1型糖尿病と妊娠 – 安全な妊娠・出産のために知っておきたいこと
国際的な診療ガイドラインに基づく
概要
1型糖尿病は、すい臓がインスリンをほとんど作れなくなる病気です。インスリンは血糖値を正常に保つために必要なホルモンです。妊娠中は赤ちゃんの成長に合わせて血糖値が変わりやすくなるため、普段以上にしっかりと血糖をコントロールする必要があります。この状態を「1型糖尿病合併妊娠」と呼びます。
重要な事実
- 妊娠中はホルモンバランスの変化で血糖値が上がりやすくなります。
- しっかり血糖を管理すれば、多くの女性が健康な赤ちゃんを出産できます。
- 妊娠前から専門医と相談し、血糖コントロールを整えることが大切です。
- 出産後も糖尿病の治療は続きますが、一時的に治療内容が変わることもあります。
日本では1型糖尿病の女性の妊娠はそれほど多くありませんが、適切な医療を受ければ妊娠・出産は十分可能です。厚生労働省のガイドラインでも、妊娠前からの準備と妊娠中のチーム医療が推奨されています。

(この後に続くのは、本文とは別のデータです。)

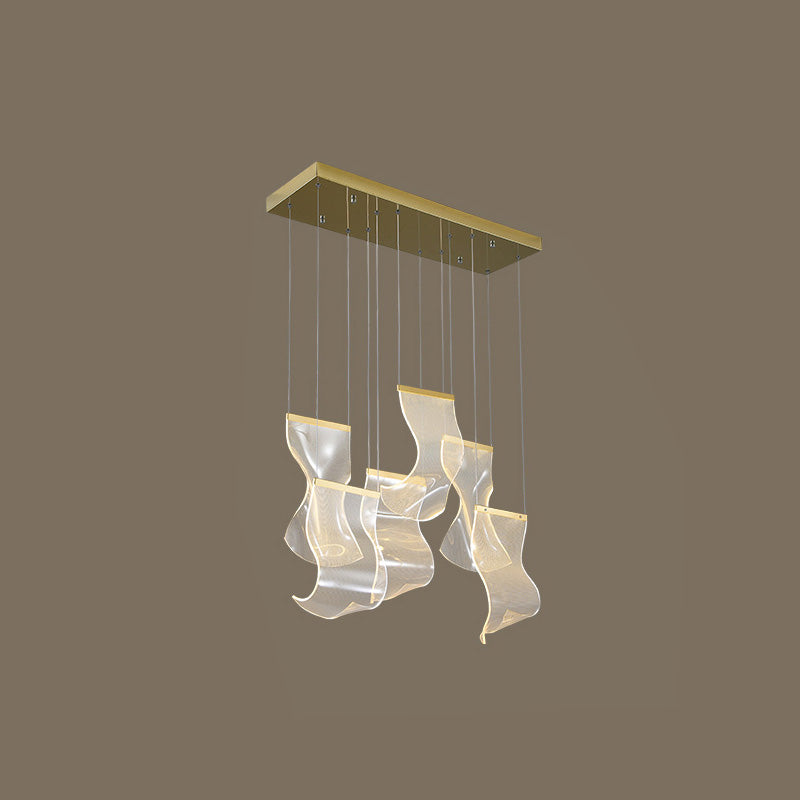 Brass Breeze Chandelier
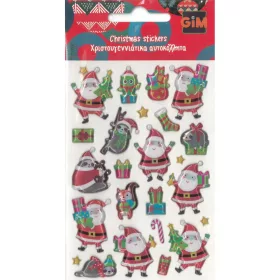 Karácsony Santa bubble matrica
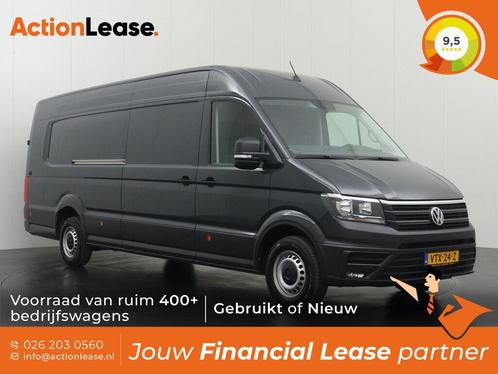 Volkswagen Crafter L5 H3 2023 €430 per maand, Auto's, Bestelauto's, Dealer onderhouden, Te koop, Zwart, Automaat, Financial lease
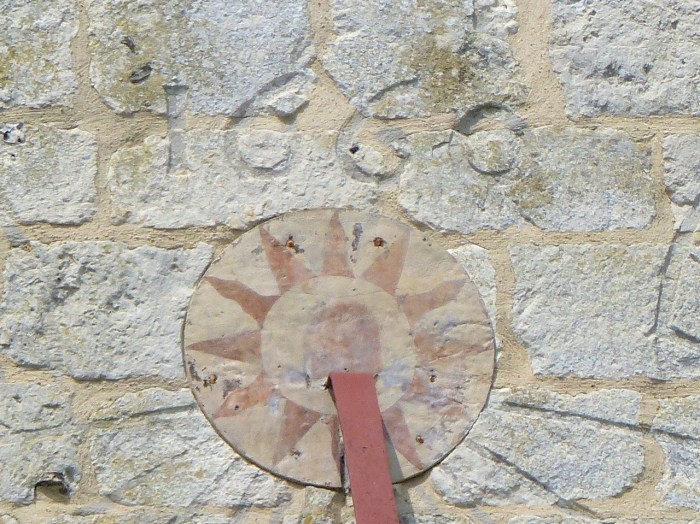 Mass (Scratch) Dial, Jumieges Abbey, France 7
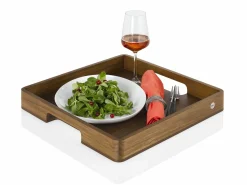 AdHoc Serviertablett 40x40cm braun^ Tabletts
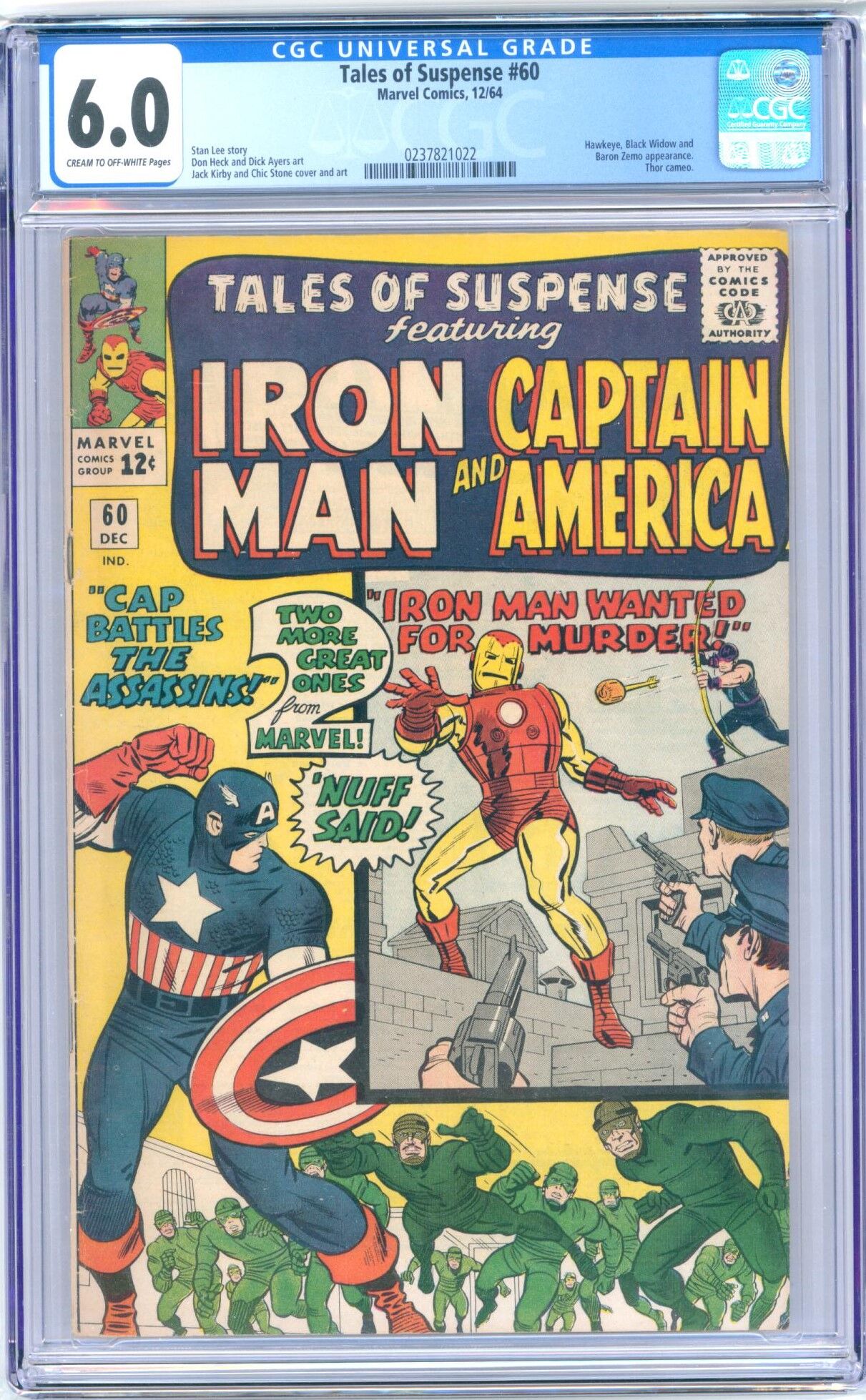 Tales of Suspense #60 CGC 6.0 Tales of Suspense #60 CGC 6.0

1型糖尿病と診断されている女性なら、どの年齢でも妊娠を考えることがあります。ただし、血糖コントロールが安定しているか、合併症(目や腎臓の障害など)がないかを妊娠前に確認することが重要です。
症状
- 意識がもうろうとする、または意識を失った(低血糖や高血糖が原因の可能性)。
- けいれんが起きた。
- 激しい腹痛や吐き気があり、息がケトン臭(甘酸っぱい果物のようなにおい)がする。
- 血糖値が異常に高い(例:250 mg/dL以上)のに、自己判断で対処できない場合。
- ⚠低血糖症状(冷や汗、動悸、ふるえ)がなかなかおさまらない。
- ⚠高血糖症状(のどの渇き、頻尿、倦怠感)が続く。
- ⚠血糖値が目標範囲から大きく外れている。
- ⚠吐き気や嘔吐があり、食事や水分がとれない。
一般的な症状
- 妊娠中は血糖値が高くなったり低くなったりしやすくなります。
- 喉が異常に渇く、尿の回数が増える、疲れやすいといった高血糖の症状。
- 冷や汗、動悸、ふるえ、意識がもうろうとするなどの低血糖の症状。
子供の症状
- この項目は1型糖尿病の妊娠に関する記事のため、小児の症状は該当しません。
高齢者の症状
- 年齢が上がると、低血糖の症状が感じにくくなることがあるため注意が必要です。また、高血圧や腎機能の低下など、他の病気を合併している場合もあります。
原因
主な原因
- 1型糖尿病は、自分の免疫がすい臓のインスリンを作る細胞を攻撃してしまうことで起こります。
- 遺伝的な要因と何らかの環境要因(ウイルス感染など)が関係していると考えられています。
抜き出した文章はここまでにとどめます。